Your task
Going down the data below, set down exactly the line with "Picture 03 - Spreuken" and each line after it through the line with "Abstract Yayoi Kusama"; no other lines.

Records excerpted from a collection
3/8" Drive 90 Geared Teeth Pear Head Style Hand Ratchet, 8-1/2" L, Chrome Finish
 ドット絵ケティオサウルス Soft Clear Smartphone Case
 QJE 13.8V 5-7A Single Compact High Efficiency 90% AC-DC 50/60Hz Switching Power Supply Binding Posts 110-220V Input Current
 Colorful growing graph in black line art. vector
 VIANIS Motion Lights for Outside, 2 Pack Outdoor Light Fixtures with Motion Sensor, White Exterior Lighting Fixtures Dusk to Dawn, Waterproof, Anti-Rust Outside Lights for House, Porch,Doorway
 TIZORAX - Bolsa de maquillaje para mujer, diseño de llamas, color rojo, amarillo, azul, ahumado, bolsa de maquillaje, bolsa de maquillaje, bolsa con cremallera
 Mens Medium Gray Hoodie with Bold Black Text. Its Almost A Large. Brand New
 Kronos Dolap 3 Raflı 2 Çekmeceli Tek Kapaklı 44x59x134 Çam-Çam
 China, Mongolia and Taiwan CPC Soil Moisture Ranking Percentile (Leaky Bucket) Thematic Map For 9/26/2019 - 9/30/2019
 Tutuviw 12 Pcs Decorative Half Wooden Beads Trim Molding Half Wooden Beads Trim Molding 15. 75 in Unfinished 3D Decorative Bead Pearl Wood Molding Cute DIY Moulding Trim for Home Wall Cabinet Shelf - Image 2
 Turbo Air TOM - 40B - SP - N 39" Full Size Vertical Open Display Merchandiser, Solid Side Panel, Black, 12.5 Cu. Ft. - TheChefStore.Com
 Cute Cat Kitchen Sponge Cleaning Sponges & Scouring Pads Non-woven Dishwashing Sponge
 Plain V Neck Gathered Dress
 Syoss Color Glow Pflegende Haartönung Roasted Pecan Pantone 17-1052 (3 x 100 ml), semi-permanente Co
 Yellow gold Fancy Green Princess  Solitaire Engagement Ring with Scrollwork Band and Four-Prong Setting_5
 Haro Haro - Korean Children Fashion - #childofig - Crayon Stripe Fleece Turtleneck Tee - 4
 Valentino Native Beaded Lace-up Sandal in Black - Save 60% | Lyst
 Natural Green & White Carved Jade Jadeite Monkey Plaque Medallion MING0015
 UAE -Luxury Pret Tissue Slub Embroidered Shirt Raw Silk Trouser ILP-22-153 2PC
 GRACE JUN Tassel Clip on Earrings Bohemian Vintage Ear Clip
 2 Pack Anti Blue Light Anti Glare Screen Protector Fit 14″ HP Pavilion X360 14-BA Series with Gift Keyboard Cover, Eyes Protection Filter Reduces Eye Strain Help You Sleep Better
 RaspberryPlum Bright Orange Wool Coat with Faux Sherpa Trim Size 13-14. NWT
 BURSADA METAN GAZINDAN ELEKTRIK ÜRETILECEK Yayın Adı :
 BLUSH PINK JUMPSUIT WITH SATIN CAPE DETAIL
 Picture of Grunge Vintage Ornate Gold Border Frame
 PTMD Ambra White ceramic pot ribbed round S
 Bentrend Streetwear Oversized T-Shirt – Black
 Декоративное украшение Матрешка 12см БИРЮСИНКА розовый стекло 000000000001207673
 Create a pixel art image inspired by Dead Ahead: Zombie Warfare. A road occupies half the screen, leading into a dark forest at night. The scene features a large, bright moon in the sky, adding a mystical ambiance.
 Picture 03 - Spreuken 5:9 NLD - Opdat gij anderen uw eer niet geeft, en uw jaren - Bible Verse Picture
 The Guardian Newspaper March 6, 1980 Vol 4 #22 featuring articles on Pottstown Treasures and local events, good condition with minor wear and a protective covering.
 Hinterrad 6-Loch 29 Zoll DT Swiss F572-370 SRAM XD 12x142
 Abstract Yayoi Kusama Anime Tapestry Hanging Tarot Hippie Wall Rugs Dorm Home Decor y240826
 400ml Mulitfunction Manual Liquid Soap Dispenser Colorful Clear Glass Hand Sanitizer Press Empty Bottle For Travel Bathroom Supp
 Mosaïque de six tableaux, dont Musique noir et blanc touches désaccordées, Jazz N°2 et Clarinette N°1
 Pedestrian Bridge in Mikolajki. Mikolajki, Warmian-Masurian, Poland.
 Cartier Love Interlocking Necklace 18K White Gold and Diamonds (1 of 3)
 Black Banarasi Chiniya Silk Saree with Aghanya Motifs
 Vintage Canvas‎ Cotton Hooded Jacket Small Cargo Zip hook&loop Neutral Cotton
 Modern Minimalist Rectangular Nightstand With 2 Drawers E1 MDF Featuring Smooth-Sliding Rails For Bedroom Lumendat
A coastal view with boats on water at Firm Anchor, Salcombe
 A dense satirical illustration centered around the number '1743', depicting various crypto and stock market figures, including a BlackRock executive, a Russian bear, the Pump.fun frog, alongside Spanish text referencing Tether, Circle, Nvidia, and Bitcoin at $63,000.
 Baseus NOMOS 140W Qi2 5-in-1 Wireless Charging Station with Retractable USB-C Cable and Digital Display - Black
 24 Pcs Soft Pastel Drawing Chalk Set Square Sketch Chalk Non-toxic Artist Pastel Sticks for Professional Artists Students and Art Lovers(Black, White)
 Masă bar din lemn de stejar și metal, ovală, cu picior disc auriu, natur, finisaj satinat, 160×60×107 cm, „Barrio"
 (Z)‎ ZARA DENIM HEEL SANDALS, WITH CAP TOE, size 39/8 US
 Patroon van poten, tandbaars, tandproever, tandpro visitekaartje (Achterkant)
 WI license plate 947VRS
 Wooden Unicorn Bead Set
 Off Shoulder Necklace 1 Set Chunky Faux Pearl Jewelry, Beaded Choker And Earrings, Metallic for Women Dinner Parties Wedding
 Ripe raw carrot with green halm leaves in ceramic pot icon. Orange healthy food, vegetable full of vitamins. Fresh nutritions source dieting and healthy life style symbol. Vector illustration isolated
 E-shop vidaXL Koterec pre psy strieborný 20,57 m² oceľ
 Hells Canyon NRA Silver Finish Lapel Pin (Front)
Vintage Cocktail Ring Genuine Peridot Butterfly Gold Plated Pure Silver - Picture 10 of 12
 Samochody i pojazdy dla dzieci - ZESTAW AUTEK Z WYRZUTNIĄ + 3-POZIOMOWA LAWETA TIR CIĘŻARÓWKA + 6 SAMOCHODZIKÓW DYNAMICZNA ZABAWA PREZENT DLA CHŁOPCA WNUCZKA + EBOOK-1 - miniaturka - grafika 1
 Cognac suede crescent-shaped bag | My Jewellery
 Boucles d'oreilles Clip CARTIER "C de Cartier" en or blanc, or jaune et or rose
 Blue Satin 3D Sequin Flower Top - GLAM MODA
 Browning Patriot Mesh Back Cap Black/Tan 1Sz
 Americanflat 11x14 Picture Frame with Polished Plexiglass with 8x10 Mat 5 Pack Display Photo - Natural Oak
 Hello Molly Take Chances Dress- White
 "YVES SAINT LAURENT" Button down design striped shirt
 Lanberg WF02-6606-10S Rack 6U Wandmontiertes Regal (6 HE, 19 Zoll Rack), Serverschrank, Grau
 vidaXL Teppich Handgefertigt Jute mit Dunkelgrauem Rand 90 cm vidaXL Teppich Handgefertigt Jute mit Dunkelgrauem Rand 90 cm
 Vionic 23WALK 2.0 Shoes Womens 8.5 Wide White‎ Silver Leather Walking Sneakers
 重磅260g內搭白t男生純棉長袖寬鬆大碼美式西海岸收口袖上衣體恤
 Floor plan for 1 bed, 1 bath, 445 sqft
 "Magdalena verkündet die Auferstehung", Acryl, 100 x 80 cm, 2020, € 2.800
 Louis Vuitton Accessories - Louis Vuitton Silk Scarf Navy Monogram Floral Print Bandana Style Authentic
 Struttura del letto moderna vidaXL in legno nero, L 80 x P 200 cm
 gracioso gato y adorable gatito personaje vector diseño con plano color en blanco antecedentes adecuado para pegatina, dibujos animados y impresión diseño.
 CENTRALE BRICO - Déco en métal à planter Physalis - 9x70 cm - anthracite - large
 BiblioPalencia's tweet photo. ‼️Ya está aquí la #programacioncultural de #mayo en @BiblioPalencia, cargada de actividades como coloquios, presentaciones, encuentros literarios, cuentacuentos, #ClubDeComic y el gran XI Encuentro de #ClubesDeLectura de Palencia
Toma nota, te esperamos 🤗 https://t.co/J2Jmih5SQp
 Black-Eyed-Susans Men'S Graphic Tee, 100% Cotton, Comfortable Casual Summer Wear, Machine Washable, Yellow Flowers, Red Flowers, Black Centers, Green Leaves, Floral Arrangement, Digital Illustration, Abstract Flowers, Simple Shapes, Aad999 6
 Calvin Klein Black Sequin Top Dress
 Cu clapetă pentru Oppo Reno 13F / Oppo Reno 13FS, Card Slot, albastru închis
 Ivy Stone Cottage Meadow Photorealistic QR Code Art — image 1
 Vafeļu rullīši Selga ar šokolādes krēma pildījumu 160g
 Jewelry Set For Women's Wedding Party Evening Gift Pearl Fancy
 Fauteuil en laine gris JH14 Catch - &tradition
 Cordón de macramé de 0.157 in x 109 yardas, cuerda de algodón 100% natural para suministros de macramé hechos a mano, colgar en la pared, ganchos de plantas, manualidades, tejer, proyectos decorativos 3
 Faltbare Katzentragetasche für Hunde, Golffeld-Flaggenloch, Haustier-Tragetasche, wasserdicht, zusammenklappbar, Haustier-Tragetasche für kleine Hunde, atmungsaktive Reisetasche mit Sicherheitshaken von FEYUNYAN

Reply
 Picture 03 - Spreuken 5:9 NLD - Opdat gij anderen uw eer niet geeft, en uw jaren - Bible Verse Picture
 The Guardian Newspaper March 6, 1980 Vol 4 #22 featuring articles on Pottstown Treasures and local events, good condition with minor wear and a protective covering.
 Hinterrad 6-Loch 29 Zoll DT Swiss F572-370 SRAM XD 12x142
 Abstract Yayoi Kusama Anime Tapestry Hanging Tarot Hippie Wall Rugs Dorm Home Decor y240826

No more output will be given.